The Whale Rider (book)
Whale Rider (film)


I've talked about this book before, and I haven't re-read it since I last wrote about it in very early 2010, so I'll just post a link to my review here, as it's long, and includes video clips and a discussion/comparison-contrast of book vs. film. I'll simply note that it's showing up on my most-loved list for a reason: it's really, really good.


3.
The Summer Before (Babysitters Club)

Okay, so while I wouldn't put this in the pile of Deeply Intelligent And High Concept YA Fiction, who doesn't like a bit o' fluff every so often? As an adult, I still got a wee kick out of reading a BSC prequel. I loved the BSC, although not quite as much as I loved the Saddle Club books -- and ghostwriters, I loved you too, even when you made such egregious errors in continuity here and there! I just want to go on record to say that I read a good number of upper-level books as a tween, but I loved my standard YA fare too. I must have gone through the library collection of BSC and SC several times over. CLAUDIA AND MARY ANNE (and Stevie from SC) FOR LYFE.

*ahem* So there was a good nonsensical ramble. Let me get back on track. This book was a fun little trip in the wayback machine, and I think it's a good little set of interlocking stories about the BSC characters right on the verge of becoming tweens, just finding out their personalities (in Stacey's case, her personality is DIABETES DIABETES DIABETES -- god, she still annoys me to death just as much as she did when I was younger...and I have a brother with diabetes now, so it's not that I'm insensitive, but DANG GIRL GET A GRIP AND REALIZE YOUR ENTIRE PERSONALITY DOES NOT HAVE TO BE "DIABETES GIRL"!). I think the book really works on two separate levels: it's rather fun for people who grew up with the series because it's a prequel, and it's good for new/current readers because it all fits in just fine.

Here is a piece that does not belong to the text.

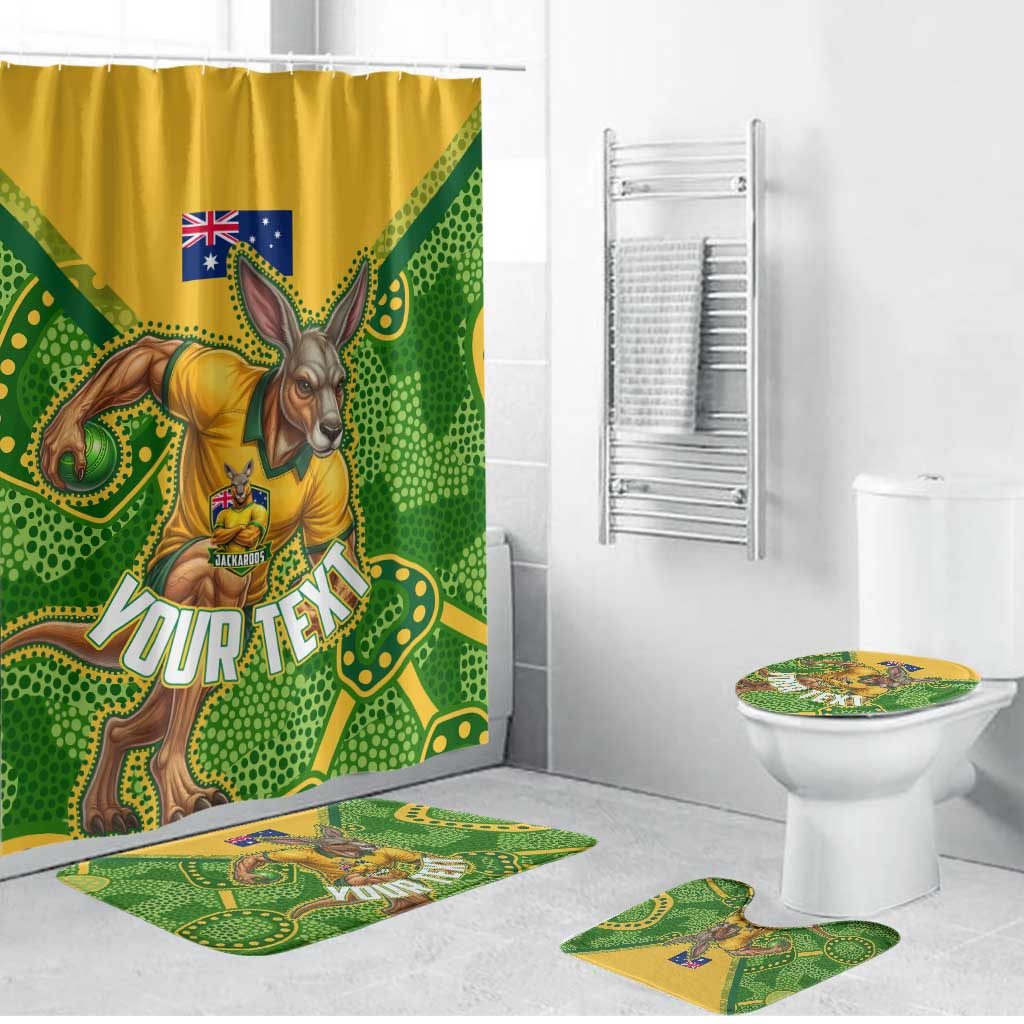 Personalized Australian Jackaroo Lawn Bowls Bathroom Set Kangaroo Athlete Indigenous Pattern Green Yellow Sports Mascot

All in all: fun. Also, for all the old-school BSC people out there, have you seen the blog What Claudia Wore ? Awesome.


4. Oh yeah, there was the culmination of the Hunger Games Trilogy in 2010.


For
Mockingjay (The Final Book of The Hunger Games), I will say that I enjoyed it. I know some folks have problems with the story, but I loved it. I think the way in which Collins shows the utter lack of control Katniss has over her lot in life is quite well done. At first, the seemingly endless number of times Katniss would wake up having missed something really important frustrated me, but I quickly realized that Collins was using the mechanism as a way to show her lack of control and vulnerability in the midst of war. Katniss may be the Mockinjay, but she's a tool, and the lack of direct action on her part sometimes when it's out of her control shows that. (I worded that awkwardly. Oops.) I think throughout the series I was also really impressed with the use of Heymitch and how that character developed and morphed. Finally, I really appreciated the epilogue. Unlike the infamous Harry Potter fanfic epilogue, this one was realistic.

Does the fact that Katniss does end up fulfilling the standard women's-role of having children and settling down bother me? No. In this case, it feels right and good. It doesn't feel forced. I appreciate the fact that the children aren't all named after characters who were killed previously in homage. I think it shows a sense of distance between Katniss and her chaotic youth. And people change as they grow older -- she didn't want children when she was younger, but that change makes sense within the confines of the book, and as I said, it doesn't feel contrived to me, as though Collins thought she HAD to in order to wrap everything up neatly with a bow on top (*cough JKR*). I'm satisfied.

I am a bit annoyed at the current casting business for the upcoming Hunger Games films -- am I recalling correctly that in the books the District 12 people are generally described as having olive skin, dark hair, grey or dark eyes...and yet very very very white people are being cast? The whitewashing of the cast is troubling.